C’est la diversité des histoires qui étonne au premier abord. Par exemple l’histoire de Helga, née à Wels en Haute-Autriche, en 1946, et adoptée par une famille Sinté : elle raconte qu’elle a eu une enfance plutôt heureuse, souvent en voyage, et qu’elle se sent aujourd’hui sinté.
Pendant l’occupation quadripartite de l’Autriche, de 1945 à 1955, entre 750 et 3500 GI afro-américains ont stationné en permanence dans le pays. Ils ont enfanté entre 350 et 400 enfants, nés de mères autrichiennes. Il y eut très peu de cas de viol ou de prostitution mais malgré cela, les reconnaissances de paternité étaient difficiles à établir et les mariages rares, en raison du racisme qui régnait aux États-Unis, les officiers, blancs, refusant en général de légaliser les couples mixtes.
On estime que 70% des enfants n’ont été élevés que par leur mère, 15% se sont retrouvés dans la famille élargie de la mère et que le reste des enfants a été envoyé en foyer ou en famille d’accueil. Dans ce dernier cas, les enfants ont souvent été maltraités, parfois presque considérés comme des esclaves. Les enfants en foyers – et ce blog raconte déjà l’horreur des foyers autrichiens aux méthodes nazies (ici et là) – ont servi de ressource pour un marché noir de bébés et de jeunes enfants. Aux États-Unis, les familles qui récupéraient ces enfants n’avaient souvent pas le droit d’adopter légalement, pour des raisons sociales (drogue, alcoolisme, violence…). C’est par le biais de ces voyages transatlantiques que des premiers témoignages ont pu être systématiquement recueillis car seule la compagnie aérienne belge Sabena assurait le trajet de mineurs non-accompagnés. Du coup, une hôtesse de l’air de cette compagnie qui avait fui l’Autriche en 1938 à 13 ans, Trudy Jeremias, a été affectée à ces transports. Elle a commencé en 2008 à raconter ce qu’elle avait pu savoir du destin de quelques-uns des enfants dont elle avait eu la responsabilité (elle assurait le contact aec la famille à l’arrivée).

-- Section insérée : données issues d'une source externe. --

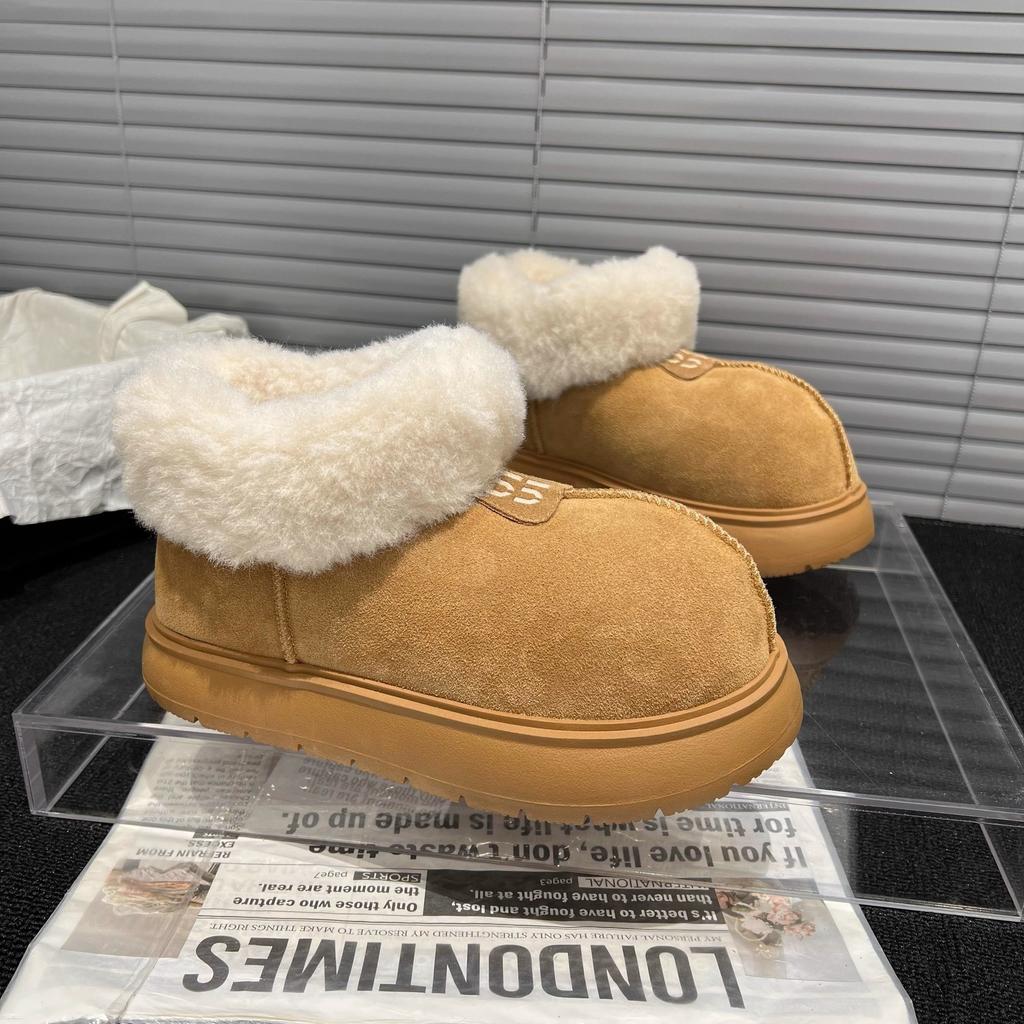 Gu Yunshu Big Mao mouth small man thick-soled snow boots women's 2024 winter new one-pedal warm Mao Mao cotton shoes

Bien sûr, le racisme est omniprésent dans les récits. Pour les soldats afro-américains, l’arrivée en Autriche était vécue comme un soulagement car ils échappaient à la ségrégation en vigueur aux Etats-Unis. Dès septembre 1945, « l’interdiction de fraterniser » fut levée (Fraternisierunsverbot) : les soldats étrangers avaient dès lors le droit de serrer la main des autrichien-ne-s, de pénétrer dans leurs magasins et restaurants etc. Les GI étaient vus comme des défenseurs face aux Soviétiques (qui en raison de viols assez systématiques avaient mauvaise réputation), ils étaient riches, distribuaient du coca-cola, des chewing-gums, et même parfois des bas en nylon. Qui plus est, alors que les soldats autrichiens revenant du front étaient souvent blessés ou au moins très affaiblis, les soldats étasuniens se montraient plus attirants pour qui oserait braver le racisme ambiant.
A Salzbourg, il n’y avait pas moins de 5000 Autrichiennes travaillant avec les soldats pour les cuisines, l’interprétariat etc., à tous les niveaux de la hiérarchie. Immanquablement, des relations amoureuses ont vu le jour et dès janvier 1946 les soldats obtinrent le droit d’épouser des Autrichiennes. Ainsi Linda est née à Salzbourg en 1955, elle a suivi une formation en Styrie dans une l’école hôtelière et a fini par tenir un magasin d’antiquités. Elle vit aujourd’hui avec un Nigérian.
Une idée originale de l’exposition est d’avoir fait dire les témoignages de certains anciens enfants par d’autres personnes d’origine africaine, vivant aujourd’hui en Autriche, pour lesquelles les récits résonnent particulièrement. Cela permet de préserver l’anonymat de certaines personnes qui le souhaitent, et cela montre combien être noir en Autriche reste encore bien souvent un défi.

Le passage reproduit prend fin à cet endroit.